Vous avez déclaré que vous aviez choisi un auteur raté comme personnage principal pour vous moquer de certains auteurs qui se prennent pour des artistes. Vous n’avez pas l’impression d’être un artiste ?
R.C. Un artiste ! Mon Dieu, quel grand mot ! Non, je ne me considère pas comme un artiste. Simplement comme n’importe quel mec qui fait son boulot en espérant gagner sa vie. J’ai d’ailleurs une sainte horreur des mondanités. La coupe de mousseux dans une main, un amuse-gueule dans l’autre, les interviews, la télé, ce n’est pas du tout ma tasse de thé ! Mais bon, il faut bien y passer parfois. Je préfère de loin la franche camaraderie et les éclats de rire entre nous.
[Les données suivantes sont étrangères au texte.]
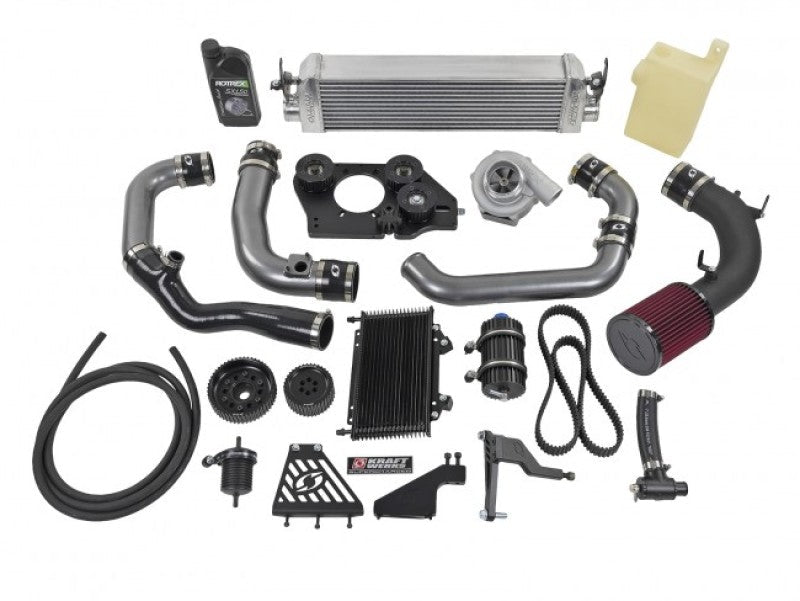 KraftWerks 18 - 20 BRZ/FRS/FT86 30mm C38 Supercharger Kit w/ Tuning *Includes Tuning* - JDMuscleNon - Categorizedkrt150-12-4306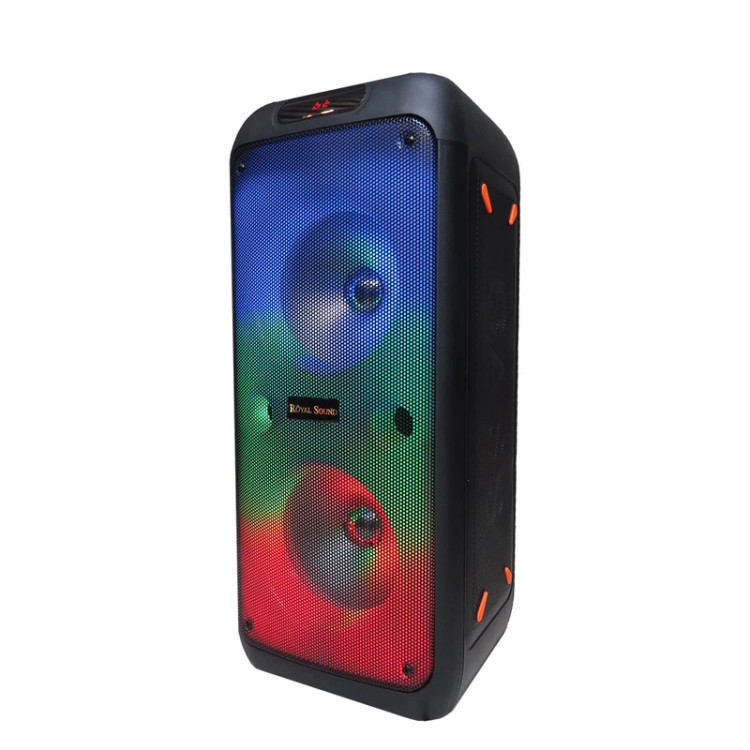 اسپیکر بلوتوثی قابل حمل رویال ساند مدل RS-D32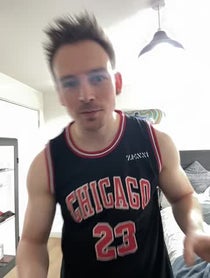 Poster for Pep Talk video from Alex Tranter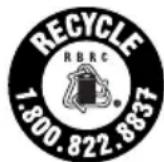 Craftsman CMCD713 - The RBRC® Seal - 1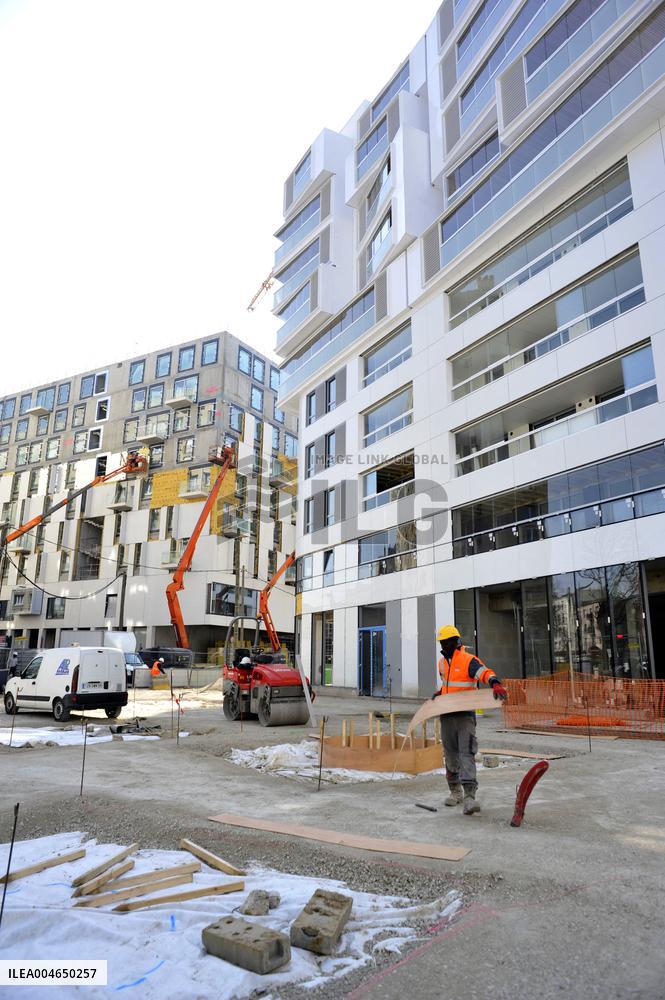 Illustration - Immobilier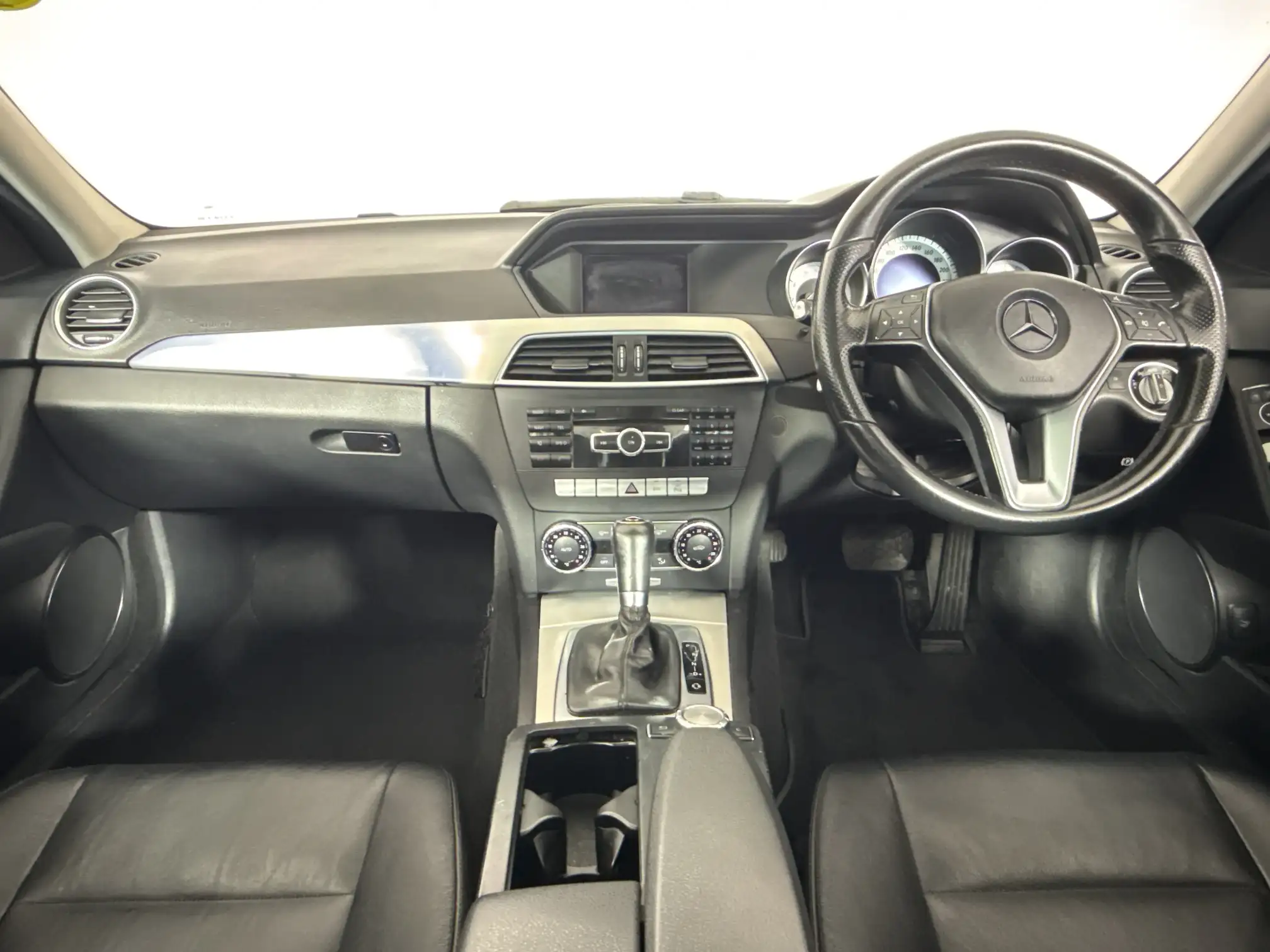 Mercedes-Benz C Class Sedan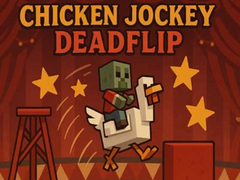 เกม Chicken Jockey Deadflip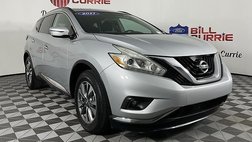 2017 Nissan Murano SV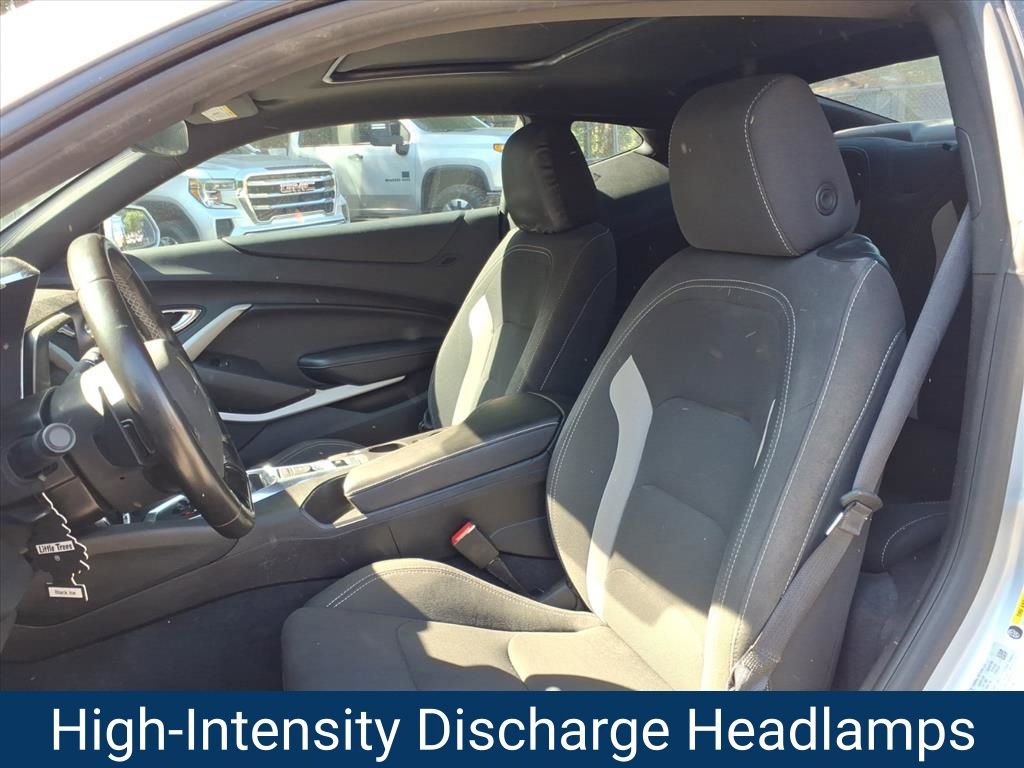 Certified 2018 Chevrolet Camaro LT w/ RS Package image 18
Vous avez écrit « Lampil » en parallèle des « Tuniques bleues ». Quelle était la place de cette série ?
R.C.
À l’époque, nous ne savions pas encore que la série des « Tuniques bleues » marcherait aussi bien. Alors, nous nous donnions un peu d’air en faisant autre chose. Un jour, un rédacteur nous a demandé d’arrêter la série. C’est ce qu’on a fait. La reprendre maintenant ? Non, car les Tuniques bleues ont pris beaucoup d’ampleur et nous prennent tout notre temps. Il nous arrive parfois d’en refaire un pour un numéro spécial, mais ça s’arrête là. Le passé c’est le passé. On ne revient pas dessus.
Propos recueillis par Emmanuel Lafrogne
« Pauvre Lampil » (Intégrale) de Raoul Cauvin et Willy Lambil. Dupuis. 39 euros.